At Khor Al-Zubair port yesterday, Iraqi Oil Minister Hayyan Abdul Ghani said Iraq plans to resume Kurdistan Region oil exports through SOMO via Turkey’s Ceyhan port “within next hours.” Exports would start at 185,000 barrels per day and gradually increase to meet federal budget quotas.

However, APIKUR has rejected restarting exports without a formal payment guarantee. In a statement published on X, the group said, “As has been repeatedly made clear, APIKUR member companies remain prepared to immediately resume exports as soon as formal agreements are reached to provide surety of payment for past and future exports consistent with our existing contractual legal and commercial terms. There has not yet been any outreach in this regard to APIKUR member companies.” It added, “APIKUR member companies do not have agreements that would lead to resuming oil exports today.”

On Feb. 25, U.S. Secretary of State Marco Rubio called Iraqi Prime Minister Mohammed Shia al-Sudani, urging that Iraq “quickly reopen the Iraq-Türkiye Pipeline,” according to State Department spokesperson Tammy Bruce.

The latest developments come after the KRG announced on Feb. 23 that it had reached an accord with Baghdad to restart exports “based on available capacity.” The deal called for a joint technical team to inspect export pipelines and confirm operational readiness and reaffirmed the KRG’s commitment to the Federal General Budget Law governing oil exports.

Before the March 2023 shutdown, the Iraq-Turkey Pipeline transported 450,000 barrels per day. The stoppage—triggered by an arbitration ruling against Turkey for allowing Kurdish oil exports without Baghdad’s consent—has cost Iraq an estimated $20 billion in revenue.

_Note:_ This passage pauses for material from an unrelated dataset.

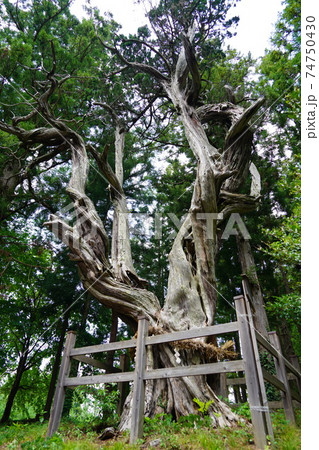 不思議な話ですが世界で一番大きなピラミッドがなんと日本の信州信濃の山奥に有ります。(皆神神社) 不思議な話ですが世界で一番大きなピラミッドがなんと日本の信州信濃の山奥に有ります。(皆神神社) 74750430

Efforts to resolve the impasse have intensified in recent weeks. On Feb. 17, 2025, Minister Abdul Ghani announced a new arrangement with the KRG aimed at keeping exports from falling below 300,000 barrels per day. Acting Kurdistan Region Natural Resources Minister Kamal Mohammed Saleh said “all obstacles have been resolved” and indicated that exports could resume soon, pending legal procedures.

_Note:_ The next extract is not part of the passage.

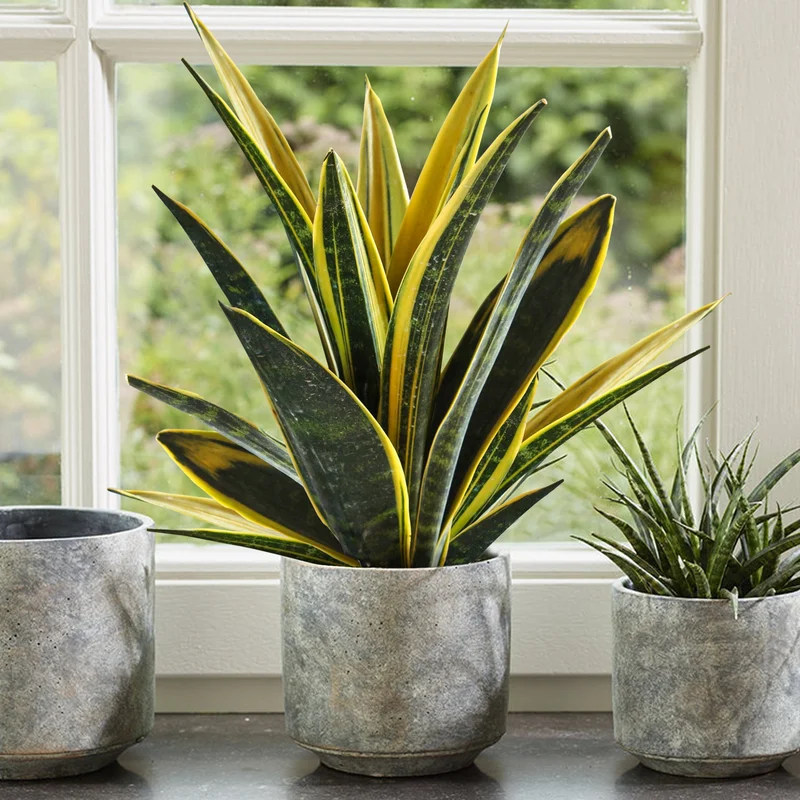 247plants4044677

Iraq’s newly amended federal budget, passed on Feb. 2, 2025, includes Article 12, which allocates $16 per barrel to cover production and transportation costs for foreign oil companies operating in the Kurdistan Region. APIKUR welcomed the amendment but insists that formal agreements ensuring payment transparency and protection of contractual terms be finalized before exports resume.